Judge will hear arguments in Sandy Hook case

A judge will hear arguments Monday on whether to strike details from a lawsuit against the maker of the rifle used in the 2012 shooting at Sandy Hook.

Remington Arms will argue that the allegations presented by nine families of those killed in the massacre do not align with the laws they cited in their complaint.

The company presented similar arguments before — in state court then federal and again in state — but in the most recent attempt Remington was denied a dismissal because of procedural issues.

In April, Bridgeport Superior Court Judge Barbara Bellis identified striking details from the complaint as more appropriate for the jurisdiction than dismissing it. So, in response, the company repackaged the same arguments but in a motion to strike.

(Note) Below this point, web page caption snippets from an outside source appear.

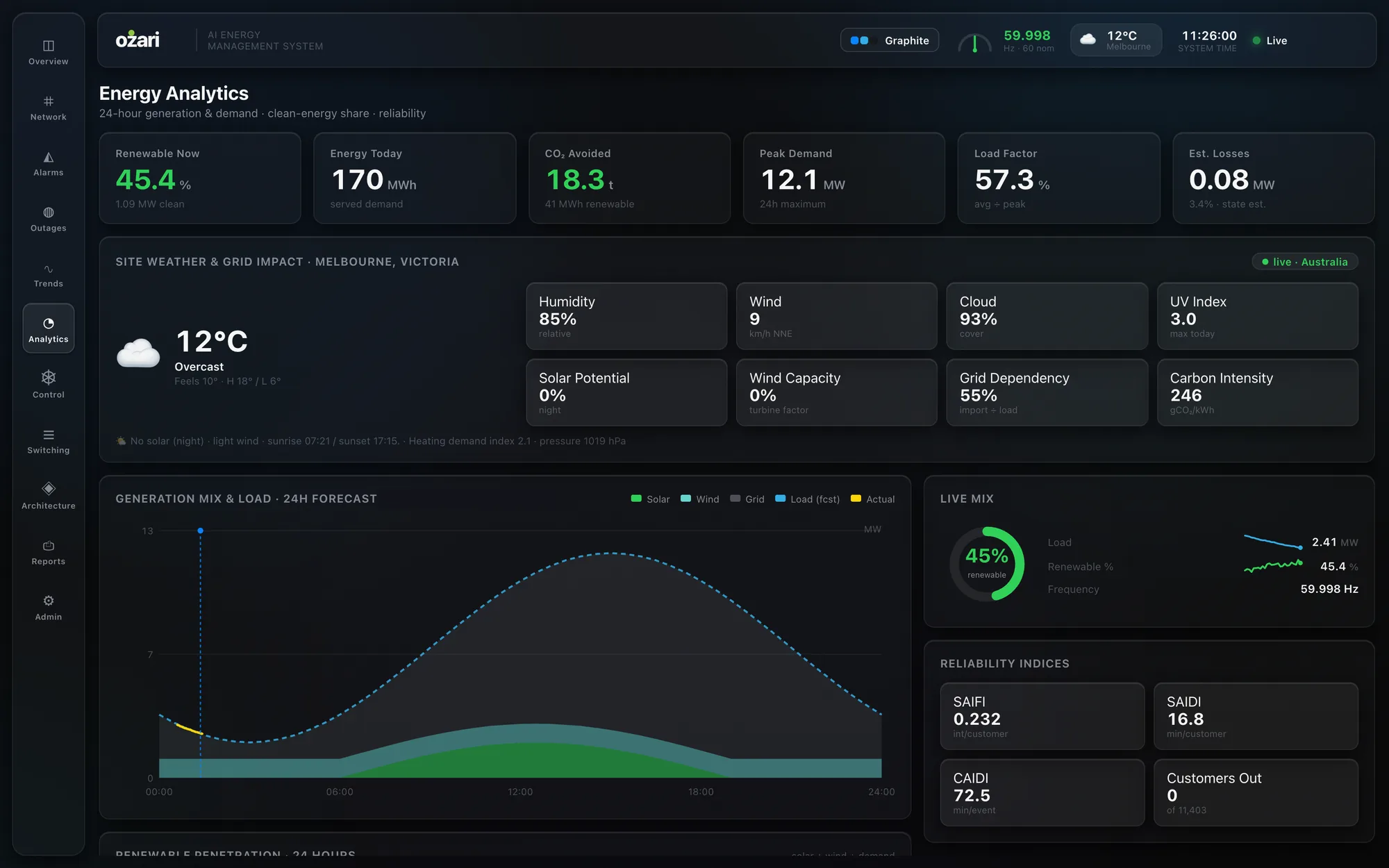 Ozari energy analytics with renewable share, a 24-hour generation and load forecast and reliability indices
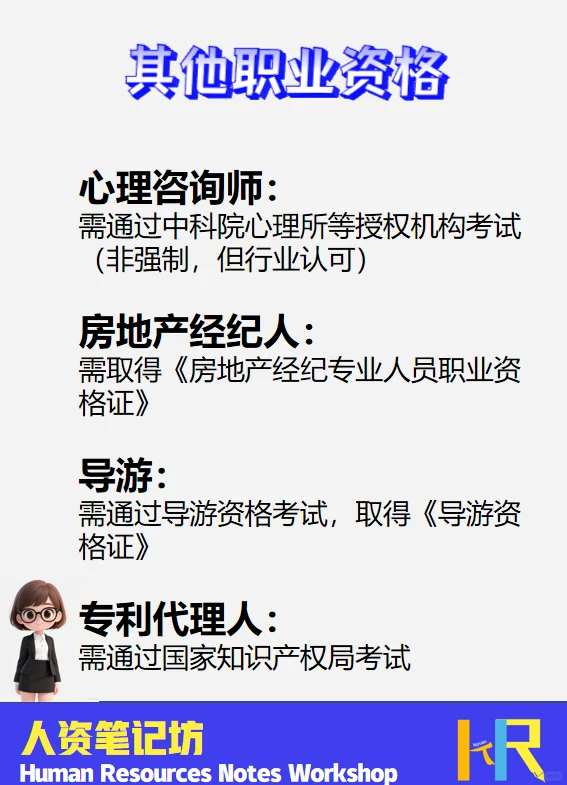 各行业持证上岗《岗位一览表》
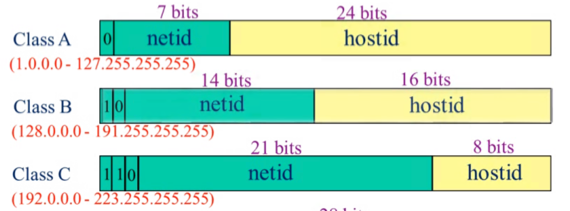 %E1%84%8B%E1%85%B5%E1%84%85%E1%85%A9%E1%86%AB04%20-%20Routing%20%E1%84%87%E1%85%A9%E1%86%A8%E1%84%89%E1%85%B3%E1%86%B8%2021d4008323fd4d24b5ed3e5c053b7a81/image3.png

The families say Bushmaster Firearms, a gun manufacturer owned by Remington, advertised its AR-15 rifle as an effective killing, a concept that appealed to the deranged killer who used the rifle to gun down 20 first graders and six educators.

The complaint highlighted language used by Bushmaster to market its products to a civilian market. At one point before the shooting, Bushmaster used phrases like “military-proven performance,” “the ultimate combat weapons system,” and “Forces of opposition, bow down. You are single-handedly outnumbered” in its advertisements.

In May, Bellis denied Remington’s motion to delay the discovery process, which would require the company to release internal documents about marketing strategies. She said since the lawsuit has been active for more than a year, a delay would unnecessarily prolong the case. A trial is slotted for April 2018.

When the case was filed in December 2014, many legal experts speculated that it was unwinnable because of the physical and regulatory disconnect between the manufacturer of the firearm used in the incident and the shooter, but including the current decision, the case has overcome major legal hurdles.

The national debate about the AR-15 rifle has resurfaced, sprouting from the Orlando shooting earlier this month. The gunman in the incident used an AR-style rifle and a handgun to kill 49 people and injure 53 others.